Atlas Air Worldwide Holdings on Wednesday said it has merged the operations of subsidiary Southern Air under a single operating certificate held by sister cargo airline Atlas Air.
Southern Air will no longer exist and the livery on its aircraft will be phased out.
Atlas Air is the world’s largest operator of Boeing 747 freighter aircraft and also flies two dozen 767 medium widebody cargo jets. With the addition of Southern Air on the same operating certificate, Atlas adds about nine large 777s and eight 737-800 narrowbody jets used on shorter, regional routes.
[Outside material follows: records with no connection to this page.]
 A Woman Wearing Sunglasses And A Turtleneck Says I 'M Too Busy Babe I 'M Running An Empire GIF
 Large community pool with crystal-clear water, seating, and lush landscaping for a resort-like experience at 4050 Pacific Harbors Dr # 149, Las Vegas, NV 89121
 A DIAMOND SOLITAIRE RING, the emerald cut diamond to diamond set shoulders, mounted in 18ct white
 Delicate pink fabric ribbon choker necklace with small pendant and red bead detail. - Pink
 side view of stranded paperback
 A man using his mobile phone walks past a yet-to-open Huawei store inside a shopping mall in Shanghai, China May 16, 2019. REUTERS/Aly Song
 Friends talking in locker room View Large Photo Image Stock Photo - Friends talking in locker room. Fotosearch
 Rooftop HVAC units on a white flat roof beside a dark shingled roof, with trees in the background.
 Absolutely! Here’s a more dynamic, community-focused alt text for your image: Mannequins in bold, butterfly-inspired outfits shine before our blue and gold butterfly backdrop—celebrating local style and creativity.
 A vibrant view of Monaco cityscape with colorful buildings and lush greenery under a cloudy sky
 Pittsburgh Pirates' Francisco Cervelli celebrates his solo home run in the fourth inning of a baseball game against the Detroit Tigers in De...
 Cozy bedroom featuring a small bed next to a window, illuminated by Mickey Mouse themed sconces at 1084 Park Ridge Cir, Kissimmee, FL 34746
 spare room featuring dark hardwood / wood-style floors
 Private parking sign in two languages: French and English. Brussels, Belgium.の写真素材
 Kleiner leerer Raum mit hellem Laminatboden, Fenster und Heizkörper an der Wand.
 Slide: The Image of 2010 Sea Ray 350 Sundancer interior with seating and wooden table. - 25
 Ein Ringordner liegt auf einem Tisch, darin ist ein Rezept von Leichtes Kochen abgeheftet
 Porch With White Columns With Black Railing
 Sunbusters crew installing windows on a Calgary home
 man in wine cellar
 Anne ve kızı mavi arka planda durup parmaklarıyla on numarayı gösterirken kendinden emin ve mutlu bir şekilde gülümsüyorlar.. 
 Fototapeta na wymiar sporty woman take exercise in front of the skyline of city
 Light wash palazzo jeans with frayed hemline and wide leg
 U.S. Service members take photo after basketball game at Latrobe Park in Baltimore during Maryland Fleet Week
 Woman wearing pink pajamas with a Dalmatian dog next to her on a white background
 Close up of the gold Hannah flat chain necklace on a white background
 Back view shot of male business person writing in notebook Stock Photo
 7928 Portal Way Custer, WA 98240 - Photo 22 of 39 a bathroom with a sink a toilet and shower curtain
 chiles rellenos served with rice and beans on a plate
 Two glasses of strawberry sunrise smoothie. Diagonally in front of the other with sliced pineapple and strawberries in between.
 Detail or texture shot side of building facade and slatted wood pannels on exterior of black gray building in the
The move provides customers access to a wider range of aircraft, a broader array of services, greater scale and an expanded global footprint, Atlas said.
Atlas Air Worldwide (NASDAQ: AAWW) acquired Southern in 2016. A new pilot contract set in September by an arbitrator over union objections was the final piece necessary for the parent company to eliminate Southern’s airworthiness certificate and integrate the companies.
The merger consolidates labor agreements and allows pilots to operate both route structures. It also allows the company to merge maintenance contracts and eliminate duplicate staffing requirements, such as keeping separate dispatch units — all of which are expected to provide efficiencies with operations, training and administrative support while improving flexibility — according to aviation experts.
The Federal Aviation Administration recently signed off on Atlas’ single operating certificate. The FAA operating certificate ensures a carrier has the processes, programs, systems and compliance methods to safely fly commercial aircraft.
Southern Air, based in Florence, Kentucky, supports large combination carriers, as well as the U.S. Department of Defense. It was founded as Southern Air Transport in 1947. James Neff restarted operations in 1999 from the assets of the troubled carrier. Private equity group Oak Hill Capital Management bought a majority stake in the airline in 2007. A decade ago Southern entered into a multi-year contract to support DHL Express’ overnight package delivery service. It emerged from a year in bankruptcy in 2013.
Atlas Air, which provides line-haul transport for Amazon Air (NASDAQ: AMZN) and DHL Express, as well as long-term charters for customers such as Flexport and the Department of Defense, reported strong third-quarter profits. Earlier this week it announced a contract expansion with Cainiao, the logistics arm of online retail giant Alibaba, to provide dedicated contract carriage from China to South America.